In the past few years statistics have got a real jump in cricket. While we lag behind baseball by some margin, coverages are now full of interesting (albeit sometimes pointless) graphics, and articles abound on this or that statistical artifact. Unfortunately, some of them are complete crap.

The Numbers Game is like that. I like to read it a lot, it often produces interesting numbers, like the contribution by the last 5 wickets or the series on individual strokes (although all of them have their flaws). But it has an annoying tendency to produce figures that are clearly no more than luck, as some sort of keen insight into the game.

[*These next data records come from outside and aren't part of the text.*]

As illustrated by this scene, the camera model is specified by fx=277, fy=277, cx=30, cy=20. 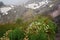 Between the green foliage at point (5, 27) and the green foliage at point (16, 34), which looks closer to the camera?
the green foliage at point (16, 34)

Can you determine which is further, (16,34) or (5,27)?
(5,27)

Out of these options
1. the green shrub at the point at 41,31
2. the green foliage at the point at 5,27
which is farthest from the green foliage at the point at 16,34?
the green foliage at the point at 5,27

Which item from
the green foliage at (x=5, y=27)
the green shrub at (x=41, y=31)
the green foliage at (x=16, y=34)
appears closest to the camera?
the green shrub at (x=41, y=31)

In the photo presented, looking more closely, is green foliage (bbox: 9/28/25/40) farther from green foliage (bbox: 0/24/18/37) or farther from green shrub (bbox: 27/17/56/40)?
green foliage (bbox: 0/24/18/37)

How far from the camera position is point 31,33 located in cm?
722

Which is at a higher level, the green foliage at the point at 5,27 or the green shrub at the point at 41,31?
the green foliage at the point at 5,27

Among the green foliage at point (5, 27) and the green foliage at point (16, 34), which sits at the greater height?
the green foliage at point (5, 27)

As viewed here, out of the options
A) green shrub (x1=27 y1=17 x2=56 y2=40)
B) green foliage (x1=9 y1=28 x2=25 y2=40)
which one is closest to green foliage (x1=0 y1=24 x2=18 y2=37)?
green shrub (x1=27 y1=17 x2=56 y2=40)

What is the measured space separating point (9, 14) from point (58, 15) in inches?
80.4

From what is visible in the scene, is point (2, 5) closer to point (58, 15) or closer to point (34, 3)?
point (34, 3)

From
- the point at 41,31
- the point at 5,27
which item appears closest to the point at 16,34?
the point at 41,31

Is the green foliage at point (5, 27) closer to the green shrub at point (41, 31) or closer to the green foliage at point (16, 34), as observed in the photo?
the green shrub at point (41, 31)

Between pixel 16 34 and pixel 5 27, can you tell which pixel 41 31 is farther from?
pixel 5 27

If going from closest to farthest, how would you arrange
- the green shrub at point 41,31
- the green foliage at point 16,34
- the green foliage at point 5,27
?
the green shrub at point 41,31 → the green foliage at point 16,34 → the green foliage at point 5,27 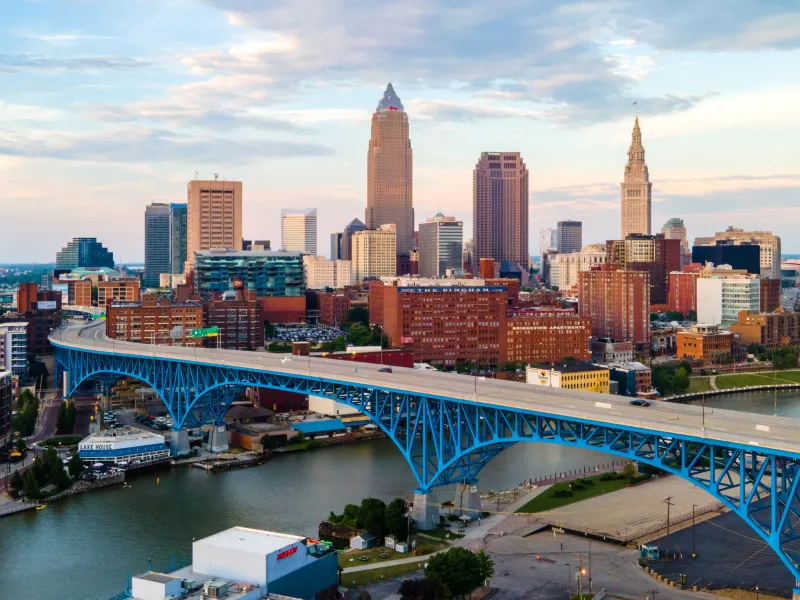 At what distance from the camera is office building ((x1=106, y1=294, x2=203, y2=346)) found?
110m

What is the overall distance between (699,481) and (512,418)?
12.9 m

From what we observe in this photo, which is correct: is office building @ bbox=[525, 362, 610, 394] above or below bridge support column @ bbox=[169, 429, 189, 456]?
above

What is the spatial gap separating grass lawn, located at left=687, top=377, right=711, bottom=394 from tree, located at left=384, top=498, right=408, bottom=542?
228ft

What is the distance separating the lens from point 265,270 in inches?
6555

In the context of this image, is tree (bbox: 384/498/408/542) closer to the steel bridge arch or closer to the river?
the steel bridge arch

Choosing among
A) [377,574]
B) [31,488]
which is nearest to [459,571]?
[377,574]

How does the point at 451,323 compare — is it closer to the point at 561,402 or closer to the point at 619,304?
the point at 619,304

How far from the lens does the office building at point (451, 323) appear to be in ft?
393

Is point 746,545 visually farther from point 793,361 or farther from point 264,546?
point 793,361

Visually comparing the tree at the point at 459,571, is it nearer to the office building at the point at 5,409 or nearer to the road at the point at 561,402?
the road at the point at 561,402

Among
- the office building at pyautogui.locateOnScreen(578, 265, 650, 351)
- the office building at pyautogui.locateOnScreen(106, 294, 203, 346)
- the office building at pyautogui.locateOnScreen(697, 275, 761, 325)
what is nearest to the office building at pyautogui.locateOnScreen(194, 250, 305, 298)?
the office building at pyautogui.locateOnScreen(106, 294, 203, 346)

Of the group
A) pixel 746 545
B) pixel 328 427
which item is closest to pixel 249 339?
pixel 328 427

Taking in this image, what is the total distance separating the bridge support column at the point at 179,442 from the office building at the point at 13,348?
3325cm

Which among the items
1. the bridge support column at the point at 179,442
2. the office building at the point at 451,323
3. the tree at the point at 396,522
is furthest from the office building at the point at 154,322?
the tree at the point at 396,522
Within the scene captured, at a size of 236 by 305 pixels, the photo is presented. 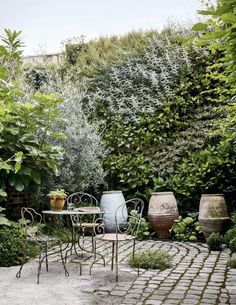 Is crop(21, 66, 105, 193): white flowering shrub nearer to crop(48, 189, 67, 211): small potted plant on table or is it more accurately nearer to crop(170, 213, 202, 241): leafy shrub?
crop(48, 189, 67, 211): small potted plant on table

I mentioned above that baseball is well beyond cricket in terms of statistics, and there is a simple reason for it. They understand error, and distributions, and the all important difference between transient and persistent phenomena. You never see an error estimation in the Numbers Game. If there was he would soon realize that cricketers play so few games, and have such variable results that seemingly sensible statistics like "the difference between performances on the sub-continent and away" are only valid for a few players with dozens of games on each. He clearly has no sense of distribution, for reasons we'll see shortly. And the consistency with which figures are presented that were the result of a few lucky innings, rather than a season-by-season result is phenomenal.

Baseball understands this. And still they make mistakes. But to see what I mean, I highly recommend this article by Bill James. It lays out some of the problems in great detail, concluding in part, that many things can't be measured -- either there or not there -- because the errors in baseball are too large.

Cricket, if anything is more so. Take this table of differences between the performances of left and right hand batsmen against different sides. It looks plausible but the figures won't show it. The measure that should be looked at here, is not, the difference between the two, but whether the performances match what you would expect. When you look at those numbers, all sides are well within 4 runs or 10% of expectation (based on projecting the linear correlation with r-squared: 0.8968). Yet the averages themselves are so variable (it only takes a double-hundred or a half-dozen cheap wickets to shift it a run or so), that any difference is probably just luck.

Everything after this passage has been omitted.